Government departments would love to act as digitally dynamic and as fast as growing tech companies, but they have complex and aging systems to consider. That’s where a top class modern network can help.
The message to government executives is clear as day, the future resides in the cloud and citizens expect digital first service delivery to rival the standards of the private sector.
A generation of consumers and corporate tech users have become accustomed to the on-demand and seemingly effortless flexibility offered by scores of software as a service offering, and government is under increasing pressure to pick up the pace of innovative change.
However, the arrival of global hyper-scale cloud computing providers, and their increasingly aggressive tussle for government clients, is only a part of the solution for departments and agencies looking to tool up for the new era.
Unlike many of the startup and tech industry players that have wowed the business press and policymakers in recent years, government is a different beast, with requirements that cannot be ignored in a digital assault.
Unique expectations
There is simply no escaping the expectation and requirements that core information assets – including on-premise applications – must be kept safe even when they transform.
Not all the older or legacy systems can be switched off or lifted and dropped into the cloud world.
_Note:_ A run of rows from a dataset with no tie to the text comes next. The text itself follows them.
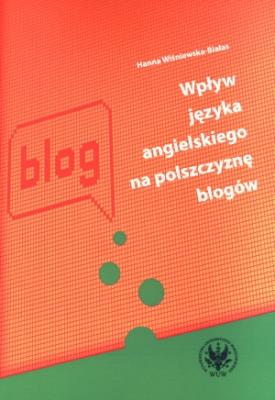 Okładka książki Wpływ języka angielskiego na polszczyznę blogów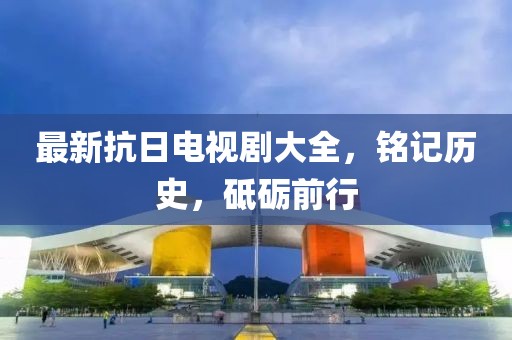 最新抗日电视剧大全，铭记历史，砥砺前行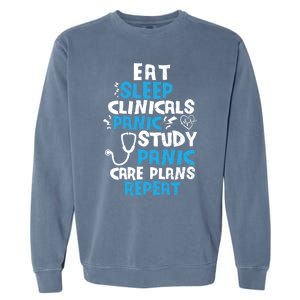 Nursing School: Eat Sleep Clinicals Panic Study Nurse Meaningful Gift Garment-Dyed Sweatshirt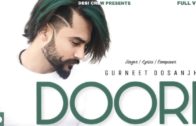 Doori | Gurneet Dosanjh | Trend Setter | New Punjabi Songs HD Video 2018.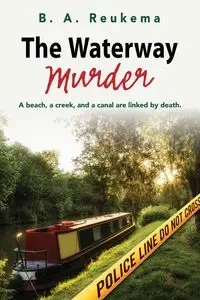 THE WATERWAY MURDER - REUKEMA B. A.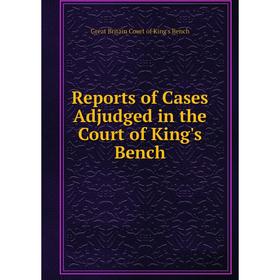 

Книга Reports of Cases Adjudged in the Court of King's Bench. Great Britain Court of King's Bench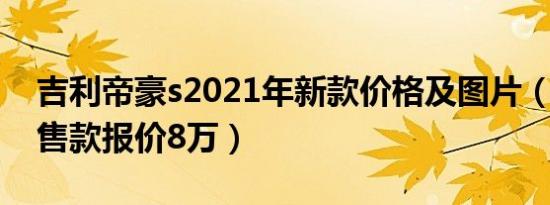 吉利帝豪s2021年新款价格及图片（2021在售款报价8万）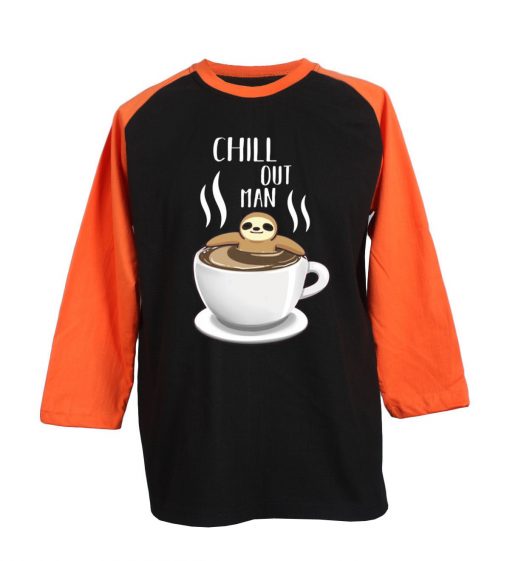 Chill Out Man Sloth Coffee Lover Black Orange Raglan T shirts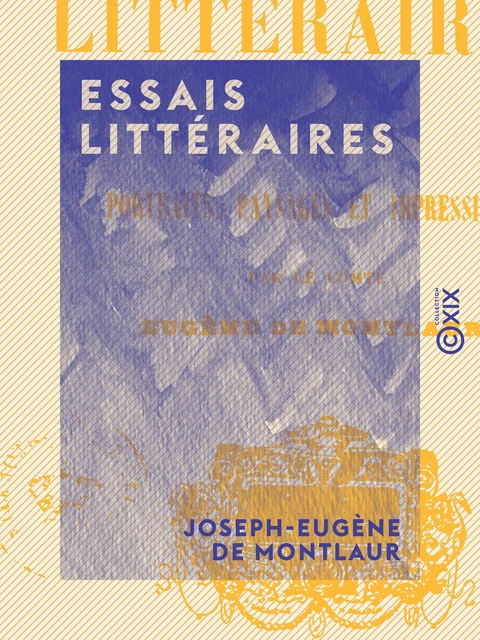 Essais littéraires - Joseph-Eugène de Montlaur - Collection XIX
Smart operators need to find a dynamic way to embrace the new, while bringing the best of history along for the ride.
“Government entities at all levels are challenged with making operations more responsive and effective,” Adelaide O’Brien, research director, Government Digital Transformation Strategies at IDC says.
“Today for many agencies, the question isn’t whether to move to cloud, but what services can be deployed more efficiently via cloud versus traditional IT.
“By transforming infrastructure in a way that avoids disruption to the agency, IT can address government’s most pressing challenges while planning and preparing for future deployment of workloads to cloud.”
Network crucial
That is where the underlying network comes in … and recent advances, particularly from the likes of industry pioneer Cisco, mean that new multi-cloud environments can be created to suit the demands of modern government.
Last year the company debuted intuitive networks, which are programmable and intelligent enough to use automation and analytics to manage demand, while also keeping users and their data safe, when key infrastructure is in play.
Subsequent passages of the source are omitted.